Bawai Ashur Soro (born March 3, 1954) is the former Eparch of the Chaldean Catholic Church for the Chaldean Catholic Eparchy of Mar Addai of Toronto.

==Biography==
Soro was baptized in the Assyrian Church of the East. He was ordained to the priesthood in 1982 and to the episcopate in 1984 by Mar Dinkha IV. He served the Assyrian eparchy of the Western United States, and subsequently the eparchy of California.
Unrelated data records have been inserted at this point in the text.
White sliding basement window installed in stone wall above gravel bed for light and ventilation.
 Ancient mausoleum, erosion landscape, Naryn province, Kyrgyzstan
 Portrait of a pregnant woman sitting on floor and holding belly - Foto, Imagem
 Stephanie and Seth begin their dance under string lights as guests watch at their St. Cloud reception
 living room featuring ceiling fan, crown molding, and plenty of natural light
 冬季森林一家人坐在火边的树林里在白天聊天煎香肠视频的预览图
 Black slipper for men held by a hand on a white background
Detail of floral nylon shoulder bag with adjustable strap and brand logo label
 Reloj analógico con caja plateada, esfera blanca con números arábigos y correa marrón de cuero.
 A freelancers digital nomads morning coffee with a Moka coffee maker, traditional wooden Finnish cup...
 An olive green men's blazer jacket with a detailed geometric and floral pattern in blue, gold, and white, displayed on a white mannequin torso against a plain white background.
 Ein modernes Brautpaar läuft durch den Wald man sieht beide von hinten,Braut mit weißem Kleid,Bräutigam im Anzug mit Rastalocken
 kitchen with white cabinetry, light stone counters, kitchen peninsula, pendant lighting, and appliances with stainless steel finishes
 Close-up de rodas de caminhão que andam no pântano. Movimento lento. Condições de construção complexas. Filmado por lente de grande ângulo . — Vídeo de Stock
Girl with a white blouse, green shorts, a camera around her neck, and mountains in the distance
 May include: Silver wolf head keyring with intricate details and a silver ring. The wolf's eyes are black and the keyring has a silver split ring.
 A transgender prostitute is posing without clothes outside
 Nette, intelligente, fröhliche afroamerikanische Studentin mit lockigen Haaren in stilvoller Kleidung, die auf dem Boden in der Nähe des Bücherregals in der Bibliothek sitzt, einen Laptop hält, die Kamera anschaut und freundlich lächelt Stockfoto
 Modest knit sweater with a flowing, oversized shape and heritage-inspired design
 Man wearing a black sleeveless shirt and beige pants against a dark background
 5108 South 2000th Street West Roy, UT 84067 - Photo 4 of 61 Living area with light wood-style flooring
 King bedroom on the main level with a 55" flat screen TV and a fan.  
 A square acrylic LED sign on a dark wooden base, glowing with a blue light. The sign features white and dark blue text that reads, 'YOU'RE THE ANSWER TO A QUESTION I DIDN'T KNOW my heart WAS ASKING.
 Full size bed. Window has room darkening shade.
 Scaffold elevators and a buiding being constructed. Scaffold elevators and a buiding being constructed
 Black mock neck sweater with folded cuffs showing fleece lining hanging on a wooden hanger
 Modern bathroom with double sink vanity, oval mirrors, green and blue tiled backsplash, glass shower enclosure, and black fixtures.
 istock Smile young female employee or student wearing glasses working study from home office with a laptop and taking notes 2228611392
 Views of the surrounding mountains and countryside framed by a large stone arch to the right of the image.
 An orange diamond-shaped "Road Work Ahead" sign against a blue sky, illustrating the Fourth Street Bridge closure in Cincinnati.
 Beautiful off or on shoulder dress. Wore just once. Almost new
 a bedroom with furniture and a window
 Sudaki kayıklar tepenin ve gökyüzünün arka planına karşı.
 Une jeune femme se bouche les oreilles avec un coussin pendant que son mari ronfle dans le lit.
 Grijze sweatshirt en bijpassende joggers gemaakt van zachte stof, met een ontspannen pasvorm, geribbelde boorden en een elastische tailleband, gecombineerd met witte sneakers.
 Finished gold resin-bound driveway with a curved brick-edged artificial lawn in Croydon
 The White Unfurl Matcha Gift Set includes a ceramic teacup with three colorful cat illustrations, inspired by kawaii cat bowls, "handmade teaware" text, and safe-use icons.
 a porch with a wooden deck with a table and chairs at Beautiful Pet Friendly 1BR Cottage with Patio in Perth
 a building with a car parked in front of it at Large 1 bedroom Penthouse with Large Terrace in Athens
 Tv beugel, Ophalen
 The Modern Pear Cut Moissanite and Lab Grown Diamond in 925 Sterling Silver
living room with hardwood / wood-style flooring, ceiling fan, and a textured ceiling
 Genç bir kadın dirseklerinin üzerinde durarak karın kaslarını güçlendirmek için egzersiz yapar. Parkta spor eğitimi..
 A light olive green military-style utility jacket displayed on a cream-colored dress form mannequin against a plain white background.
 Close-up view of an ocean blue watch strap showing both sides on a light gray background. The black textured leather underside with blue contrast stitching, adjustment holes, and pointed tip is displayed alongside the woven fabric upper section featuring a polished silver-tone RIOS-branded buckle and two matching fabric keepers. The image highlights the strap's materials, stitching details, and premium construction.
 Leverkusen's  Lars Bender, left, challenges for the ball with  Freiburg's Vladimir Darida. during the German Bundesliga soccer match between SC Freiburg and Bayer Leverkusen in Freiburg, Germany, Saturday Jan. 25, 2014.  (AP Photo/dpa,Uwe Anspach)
Mar Bawai was one of the few theologians of the Assyrian Church, and so was assigned responsibility for leading the theological dialogue with the Catholic Church which produced the joint Christological Declaration in 1994, resolving a 1500-year-old theological dispute and the principal reason for schism between the Churches in the first place.

While still an Assyrian bishop, Mar Bawai was pursuing studies first at the Catholic University of America in Washington, then earned a doctorate in ecumenism from the Pontifical University of St Thomas Aquinas in Rome, in 2002.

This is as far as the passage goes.